18.2 L’economia e la politica estera sotto Colbert

18.2 L’economia e la politica estera sotto Colbert

L’economia e il ruolo dello Stato

Mentre Luigi XIV saliva al trono, il paese si trovava in una fase di dissesto economico. L’impegno nella Guerra dei Trent’anni era stato gravoso, ma non minori danni erano stati portati dalle rivolte contadine, dalle fronde e dal cattivo funzionamento del sistema di prelievo fiscale.

Le sorti delle finanze pubbliche furono affidate a Jean-Baptiste Colbert (1618-84), un funzionario statale di estrazione borghese che aveva conquistato la fiducia del potente ministro Mazzarino. Oltre a ricorrere a espedienti già impiegati dai suoi predecessori, come la vendita di uffici pubblici, Colbert introdusse provvedimenti che imponevano anche ai ceti privilegiati di contribuire a rimpinguare le casse della corona e a sostenere le spese militari: con la “▶ capitazione” ciascuno era chiamato a pagare in base al proprio rango, mentre la decima reale colpiva le grandi proprietà fondiarie.

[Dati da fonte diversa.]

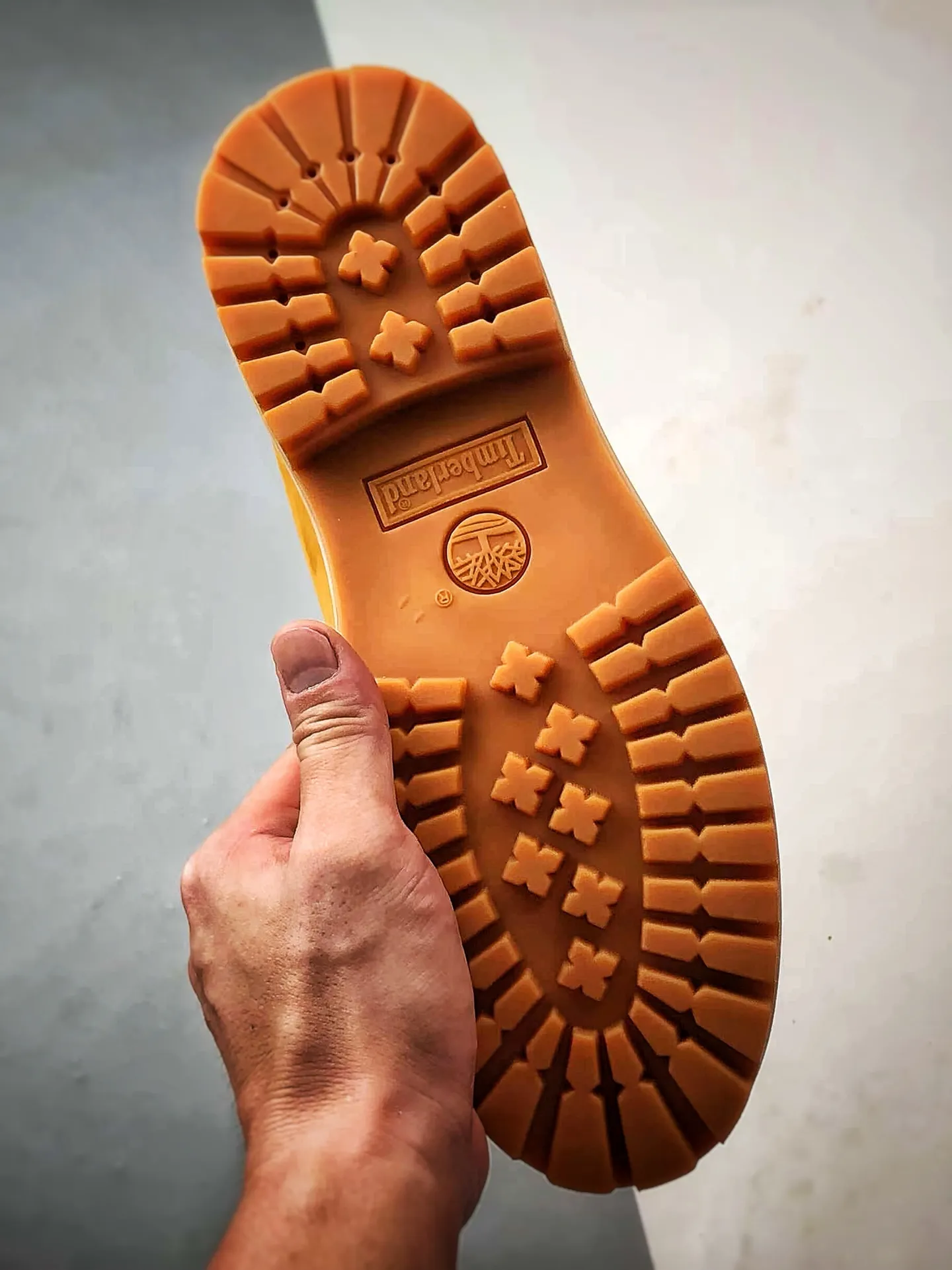 💰480 Timberland Timberland/Timberland 6 Inch Leather Boots (high cost-effective version) classic outdoor 6-inch rhubarb boots. Four-line computer stitching and the same imported first-layer nubuck leather with anti-waterproof function (all interiors are matched with genuine leather materials!!) Original consistent full nubuck leather collar, anti-fatigue shock absorption, honeycomb PU insole, lightweight non-slip rubber two-color combination sole ❗️Original hardware molded shoelace buckle Newly upgraded top-notch craftsmanship. Original factory in Zhongshan. Original imported waterproof leather. Injection molded outsole. Horizontal folding dynamic water-repellent. Original uniform fully frosted leather collar. Brand new original factory packaging shoe box. Item number: TB010061713. Female size: 35.5 36 37 37.5 38 38.5 39. Male size: 39.5 40 41 41.5 42 43 44 45 (leather shoe size)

Ma, soprattutto, Colbert cercò di stimolare la produzione e la circolazione interna delle merci, secondo un orientamento definito in seguito mercantilismo, assegnando allo Stato un ruolo cruciale nel preservare la ricchezza del regno attraverso una politica commerciale protezionistica, che tendesse cioè a “proteggere” la produzione nazionale disincentivando le importazioni di beni stranieri [▶ idee, p. 560].

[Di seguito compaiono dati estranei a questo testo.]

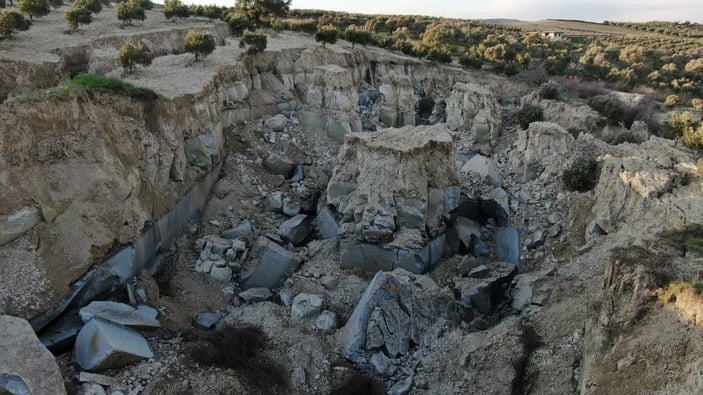 Hatay'da deprem sonrası 30 metre derinliğinde 200 metre genişliğinde yarık oluştu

Le misure che più immediatamente applicavano questi principi erano i dazi imposti sui beni provenienti da oltreconfine. Ma la strategia colbertiana era più ampia. La chiave di volta del sistema economico doveva essere, secondo il ministro, l’alleanza dello Stato con i mercanti, i banchieri e gli imprenditori. Egli puntava, in particolare, a porre la marina mercantile a capo di un sistema di traffici con le colonie e i porti d’oltreoceano che permettesse di aumentare le esportazioni e ridurre al minimo le importazioni. Per il commercio con l’Oriente furono fondate apposite società, come la Compagnia francese delle Indie Orientali (1664) e quella del Levante (1670); nel contempo fu dato impulso alla colonizzazione di vaste aree dell’America settentrionale, come vedremo più in dettaglio nei capitoli seguenti.

 >> pagina 560 

  idee

Il mercantilismo

“Mercantilismo” è un termine che si afferma fra Sette e Ottocento per indicare due fenomeni diversi, anche se collegati: il sorgere di nuovi orientamenti nel pensiero economico e l’affermazione di alcune concrete politiche economiche, come abbiamo visto nel caso del “colbertismo”, che di tali orientamenti è l’espressione più compiuta.

Le dottrine mercantiliste

Il mercantilismo affermava in primo luogo l’utilità e la desiderabilità di accrescere la ricchezza di un paese. Non è un fatto scontato - come può apparire a un osservatore del XXI secolo - se si considera che le dottrine morali e religiose del tempo tendevano ancora a privilegiare l’attesa della vita ultraterrena piuttosto che gli sforzi per migliorare il mondo terreno.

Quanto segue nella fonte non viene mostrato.